Peter Doran, artistic director of Torch Theatre, Milford Haven, adds: “If a young playwright, for example, applied to the arts council for a grant he would be judged on the quality of his work. If his last play had been anti-establishment, would the Assembly feel it could give that person a grant?”

Val Hill, administrative director of the Cardiff based Hijinx Theatre, worries the move would affect the type of projects staged.

“Will we all find ourselves generating theatre to get funding, trying to make projects to fit the funding that is there depending on the priorities of ministers?” she asks.

Long term planning, she says, would be impossible. “We commission new plays, so we’re already thinking about 2006 and 2007. Where does that leave us if there is an election half way through and priorities change?”

There are also concerns about Lottery funding. As a government body the assembly could not administer this money.
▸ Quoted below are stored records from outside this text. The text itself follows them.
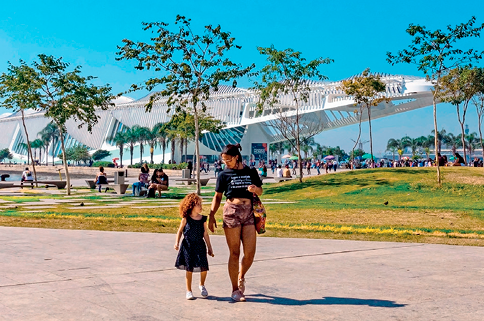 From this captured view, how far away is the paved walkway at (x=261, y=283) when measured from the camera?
16.3 feet

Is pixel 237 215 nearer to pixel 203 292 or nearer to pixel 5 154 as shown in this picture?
pixel 203 292

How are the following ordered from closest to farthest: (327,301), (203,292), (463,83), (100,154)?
(327,301) < (203,292) < (463,83) < (100,154)

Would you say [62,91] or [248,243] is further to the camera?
[62,91]

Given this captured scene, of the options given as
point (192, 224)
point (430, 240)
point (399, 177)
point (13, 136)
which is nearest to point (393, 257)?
point (430, 240)

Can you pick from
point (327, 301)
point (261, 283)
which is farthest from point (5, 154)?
point (327, 301)

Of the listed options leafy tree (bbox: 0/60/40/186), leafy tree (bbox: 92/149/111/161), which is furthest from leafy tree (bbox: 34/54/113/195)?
leafy tree (bbox: 92/149/111/161)

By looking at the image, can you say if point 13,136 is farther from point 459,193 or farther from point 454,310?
point 454,310

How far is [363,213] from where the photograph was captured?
15.8 metres

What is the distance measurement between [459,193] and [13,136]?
157063 mm

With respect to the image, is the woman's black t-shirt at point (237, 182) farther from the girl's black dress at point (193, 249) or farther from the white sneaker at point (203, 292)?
the white sneaker at point (203, 292)

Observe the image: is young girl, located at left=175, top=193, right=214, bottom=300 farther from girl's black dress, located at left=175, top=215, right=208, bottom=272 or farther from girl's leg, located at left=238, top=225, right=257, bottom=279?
girl's leg, located at left=238, top=225, right=257, bottom=279

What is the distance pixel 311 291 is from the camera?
5.79 m

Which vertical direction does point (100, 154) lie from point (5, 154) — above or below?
below

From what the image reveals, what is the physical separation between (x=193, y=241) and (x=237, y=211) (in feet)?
1.68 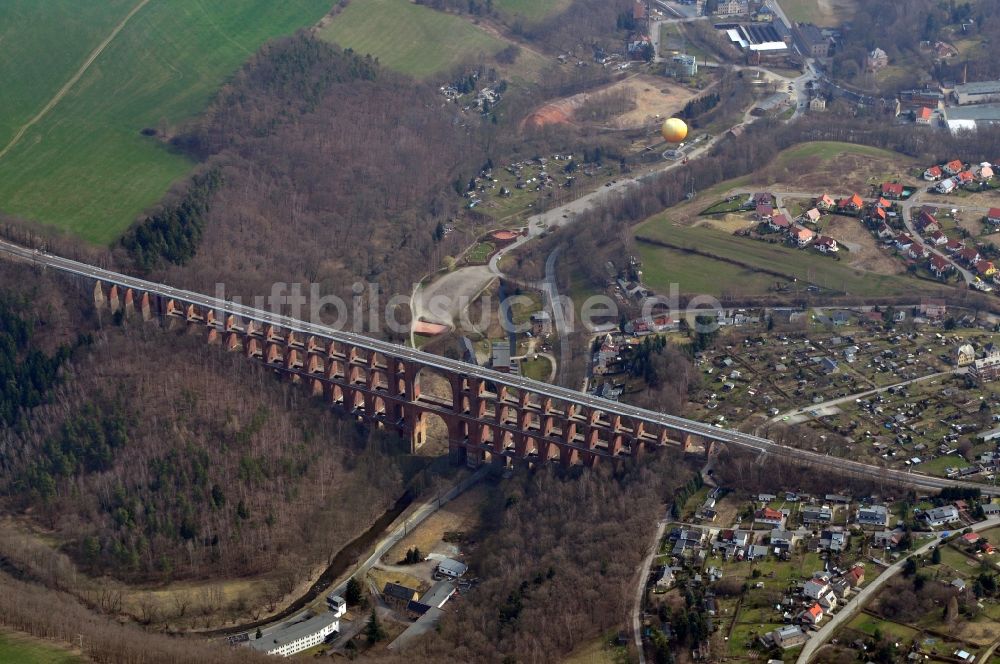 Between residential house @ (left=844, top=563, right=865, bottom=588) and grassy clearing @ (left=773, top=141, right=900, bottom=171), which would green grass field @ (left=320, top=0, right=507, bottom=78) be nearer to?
grassy clearing @ (left=773, top=141, right=900, bottom=171)

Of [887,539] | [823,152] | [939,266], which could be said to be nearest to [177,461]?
[887,539]

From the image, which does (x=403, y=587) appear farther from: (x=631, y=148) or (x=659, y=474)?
(x=631, y=148)

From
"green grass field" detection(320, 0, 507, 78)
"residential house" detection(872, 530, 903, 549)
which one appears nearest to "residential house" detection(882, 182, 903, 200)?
"residential house" detection(872, 530, 903, 549)

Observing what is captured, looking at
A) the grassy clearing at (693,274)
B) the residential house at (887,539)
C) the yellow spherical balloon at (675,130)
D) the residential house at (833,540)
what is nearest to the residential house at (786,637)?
the residential house at (833,540)

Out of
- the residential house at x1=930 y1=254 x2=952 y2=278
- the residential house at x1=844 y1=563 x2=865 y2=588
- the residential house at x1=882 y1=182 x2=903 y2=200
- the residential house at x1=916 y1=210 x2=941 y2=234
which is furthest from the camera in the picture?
the residential house at x1=882 y1=182 x2=903 y2=200

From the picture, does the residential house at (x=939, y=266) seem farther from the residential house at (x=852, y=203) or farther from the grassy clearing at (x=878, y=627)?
the grassy clearing at (x=878, y=627)

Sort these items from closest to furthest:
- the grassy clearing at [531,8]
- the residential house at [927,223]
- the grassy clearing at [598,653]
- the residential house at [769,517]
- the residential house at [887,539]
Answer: the grassy clearing at [598,653], the residential house at [887,539], the residential house at [769,517], the residential house at [927,223], the grassy clearing at [531,8] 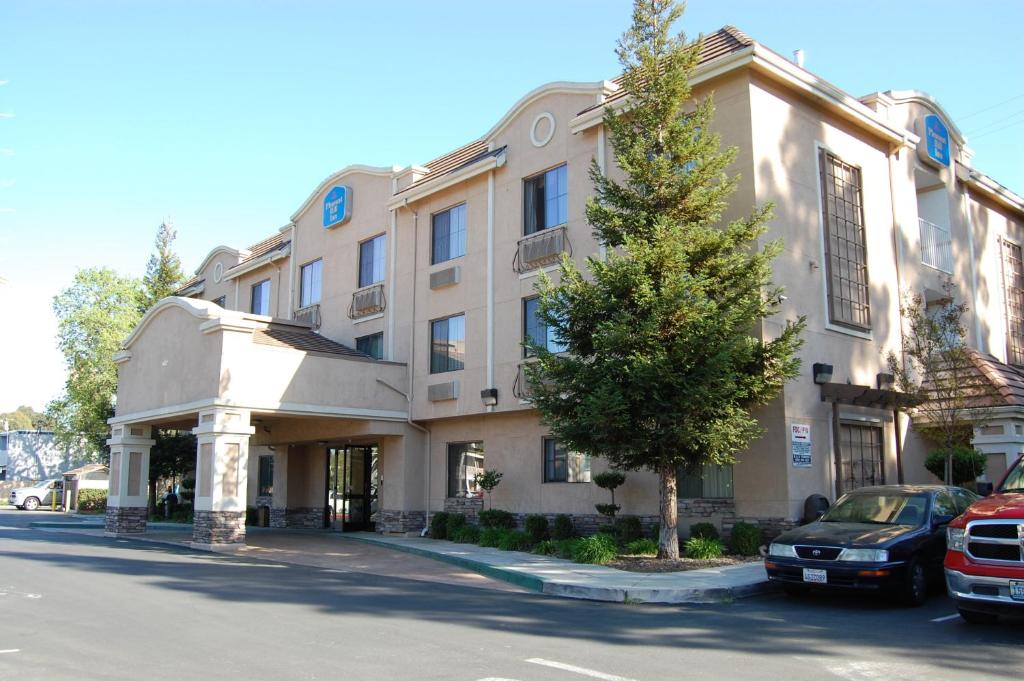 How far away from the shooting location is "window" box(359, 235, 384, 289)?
81.6ft

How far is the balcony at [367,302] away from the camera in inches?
958

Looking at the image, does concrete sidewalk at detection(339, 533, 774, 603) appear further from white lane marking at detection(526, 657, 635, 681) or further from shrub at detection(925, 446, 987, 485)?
shrub at detection(925, 446, 987, 485)

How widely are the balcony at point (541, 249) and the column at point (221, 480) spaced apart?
7.70m

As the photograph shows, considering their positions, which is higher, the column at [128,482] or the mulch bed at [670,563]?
the column at [128,482]

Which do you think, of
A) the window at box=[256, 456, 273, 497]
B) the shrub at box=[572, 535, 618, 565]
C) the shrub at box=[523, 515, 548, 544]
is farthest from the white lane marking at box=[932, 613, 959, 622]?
the window at box=[256, 456, 273, 497]

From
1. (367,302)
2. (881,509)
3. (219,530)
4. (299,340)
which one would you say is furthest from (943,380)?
(219,530)

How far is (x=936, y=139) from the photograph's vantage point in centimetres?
2178

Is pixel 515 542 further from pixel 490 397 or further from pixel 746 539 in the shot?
pixel 746 539

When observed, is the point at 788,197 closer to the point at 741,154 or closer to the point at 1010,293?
the point at 741,154

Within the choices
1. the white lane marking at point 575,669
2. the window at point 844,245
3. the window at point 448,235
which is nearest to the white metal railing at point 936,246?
the window at point 844,245

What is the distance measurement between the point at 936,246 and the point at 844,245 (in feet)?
16.8

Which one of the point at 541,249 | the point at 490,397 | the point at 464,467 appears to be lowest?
the point at 464,467

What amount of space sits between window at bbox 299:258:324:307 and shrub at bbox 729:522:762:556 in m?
16.7

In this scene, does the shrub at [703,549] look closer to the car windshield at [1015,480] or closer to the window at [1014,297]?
the car windshield at [1015,480] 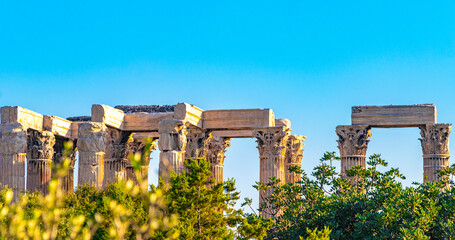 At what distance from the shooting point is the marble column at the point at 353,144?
160 ft

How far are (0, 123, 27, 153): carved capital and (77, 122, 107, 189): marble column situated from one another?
114 inches

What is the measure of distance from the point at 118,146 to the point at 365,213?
60.0ft

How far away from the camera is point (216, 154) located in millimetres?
55594

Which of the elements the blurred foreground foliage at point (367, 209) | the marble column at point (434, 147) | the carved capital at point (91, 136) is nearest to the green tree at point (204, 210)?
the blurred foreground foliage at point (367, 209)

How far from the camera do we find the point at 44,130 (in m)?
50.4

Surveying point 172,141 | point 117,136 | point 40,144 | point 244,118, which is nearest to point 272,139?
point 244,118

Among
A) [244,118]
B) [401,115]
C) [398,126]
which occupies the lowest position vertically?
[398,126]

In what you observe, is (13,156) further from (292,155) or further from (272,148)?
(292,155)

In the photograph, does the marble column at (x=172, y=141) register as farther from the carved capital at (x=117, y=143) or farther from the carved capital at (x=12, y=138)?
the carved capital at (x=12, y=138)

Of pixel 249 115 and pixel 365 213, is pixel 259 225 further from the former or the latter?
pixel 249 115

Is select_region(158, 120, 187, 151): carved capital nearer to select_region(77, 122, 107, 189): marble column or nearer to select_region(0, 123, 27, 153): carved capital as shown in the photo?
select_region(77, 122, 107, 189): marble column

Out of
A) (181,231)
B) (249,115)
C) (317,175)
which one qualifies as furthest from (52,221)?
(249,115)

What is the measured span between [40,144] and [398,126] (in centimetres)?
1927

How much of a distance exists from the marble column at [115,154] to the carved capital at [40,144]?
3.07 meters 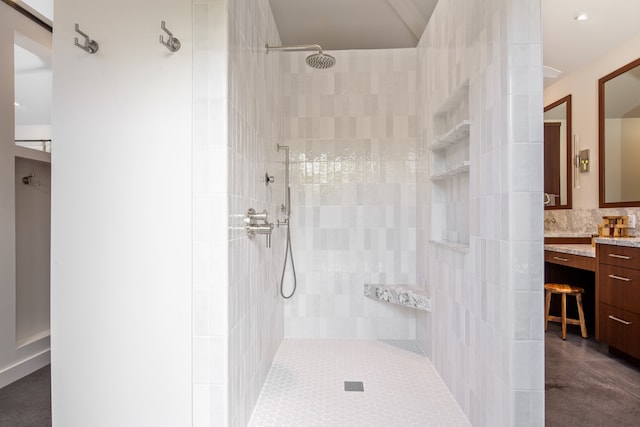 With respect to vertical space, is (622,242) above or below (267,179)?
below

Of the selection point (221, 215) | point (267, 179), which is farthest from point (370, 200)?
point (221, 215)

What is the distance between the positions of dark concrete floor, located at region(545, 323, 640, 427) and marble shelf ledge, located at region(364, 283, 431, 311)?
911mm

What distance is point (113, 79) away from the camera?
152 centimetres

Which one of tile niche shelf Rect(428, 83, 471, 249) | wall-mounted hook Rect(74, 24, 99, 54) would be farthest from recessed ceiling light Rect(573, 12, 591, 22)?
wall-mounted hook Rect(74, 24, 99, 54)

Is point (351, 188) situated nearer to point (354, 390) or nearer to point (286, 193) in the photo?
point (286, 193)

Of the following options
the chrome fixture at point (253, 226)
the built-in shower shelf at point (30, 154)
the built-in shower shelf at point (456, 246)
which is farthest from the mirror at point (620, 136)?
the built-in shower shelf at point (30, 154)

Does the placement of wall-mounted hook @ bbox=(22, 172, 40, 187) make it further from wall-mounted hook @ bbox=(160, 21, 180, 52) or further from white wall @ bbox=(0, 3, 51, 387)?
wall-mounted hook @ bbox=(160, 21, 180, 52)

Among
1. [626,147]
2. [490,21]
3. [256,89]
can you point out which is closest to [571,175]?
[626,147]

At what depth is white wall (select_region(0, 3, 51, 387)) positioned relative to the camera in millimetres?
2387

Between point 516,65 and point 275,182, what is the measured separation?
70.9 inches

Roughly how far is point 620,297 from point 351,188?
7.35 feet

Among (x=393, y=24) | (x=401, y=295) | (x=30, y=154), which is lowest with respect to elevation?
(x=401, y=295)

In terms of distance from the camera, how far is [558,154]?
13.6 ft

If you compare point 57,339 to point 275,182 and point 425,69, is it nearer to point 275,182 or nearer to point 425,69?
point 275,182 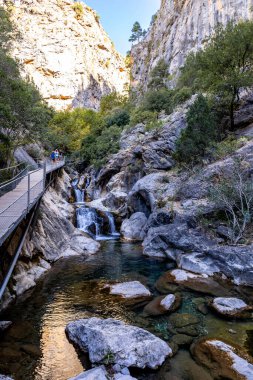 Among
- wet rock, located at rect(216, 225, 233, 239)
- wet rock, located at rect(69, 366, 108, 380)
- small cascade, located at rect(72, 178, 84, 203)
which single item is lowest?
wet rock, located at rect(69, 366, 108, 380)

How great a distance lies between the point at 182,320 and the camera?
9352 millimetres

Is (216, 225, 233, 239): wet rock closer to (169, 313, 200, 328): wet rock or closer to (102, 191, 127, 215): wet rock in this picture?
(169, 313, 200, 328): wet rock

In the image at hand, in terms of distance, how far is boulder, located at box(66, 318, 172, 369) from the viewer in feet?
23.1

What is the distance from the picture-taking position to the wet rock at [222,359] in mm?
6703

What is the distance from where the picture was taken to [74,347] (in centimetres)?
797

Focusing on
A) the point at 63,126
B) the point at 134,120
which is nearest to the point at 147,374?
the point at 134,120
“Torch is a good example of the benefits of a one stop shop,” says Doran. “We had a lottery grant of £3 million to redevelop the theatre but this was a decision made in line with what we were doing work-wise. If two separate bodies are making different decisions you could end up with money for theatres but not have any for the shows.”

Cardiff’s Sherman Theatre is one of two Welsh organisations, along with Rubicon Dance, that has charitable status with the ACW as trustee. This is another duty the assembly would be unable to adopt. “I’m not sure how it would work under these proposals,” says artistic director Phil Clark, adding that the theatre would have to find a new trustee.

There could also be a serious impact on staff, warns Davies, as ACW salaries are currently paid for with a combination of lottery and grant-in-aid money. “If the assembly wanted to take on board our senior officer for music because of his expertise, for example, they would need to find grant-in-aid to make up the Lottery part of the salary,” he explains. “This role would also need to be duplicated for the body that administers lottery money.”

The assembly will not comment on the proposals until the final announcement is made. However, in its favour it has shown an increased commitment to the arts - last month’s draft budget showed an extra £35 million available to arts, sports and the Welsh language, on top of a £2 million package to fund arts projects outside Cardiff, although this money is administered by the ACW, to complement the money it has given to Cardiff’s Wales Millennium Centre.

Doran thinks it could also put pressure on local governments to better fund arts. “The arts council can’t put pressure on councils to match its funding, but the Assembly could say ‘that’s your allocation and that’s how you will spend it’ now it is discretionary,” he says.

Janek Alexander, director of Chapter Arts Centre in Cardiff, said: “If politicians understood more what things cost they might agree higher public subsidy of the arts.”

Above all, there is a fear that the progress the Arts Council of Wales has made since 1994 could be undone.

“For so long there was never a period of calm where we could get on with it,” says Doran. “Things have changed since 2000’s Assembly-commissioned report into ACW, which recommended more transparency and accountability.

“To disband now, when we’ve finally got something we, the arts, are happy with, would be a very expensive, lengthy process with no guarantee we would end up with anything better.

“And if things change again in four years time, I don’t think the arts have the stamina to cope.”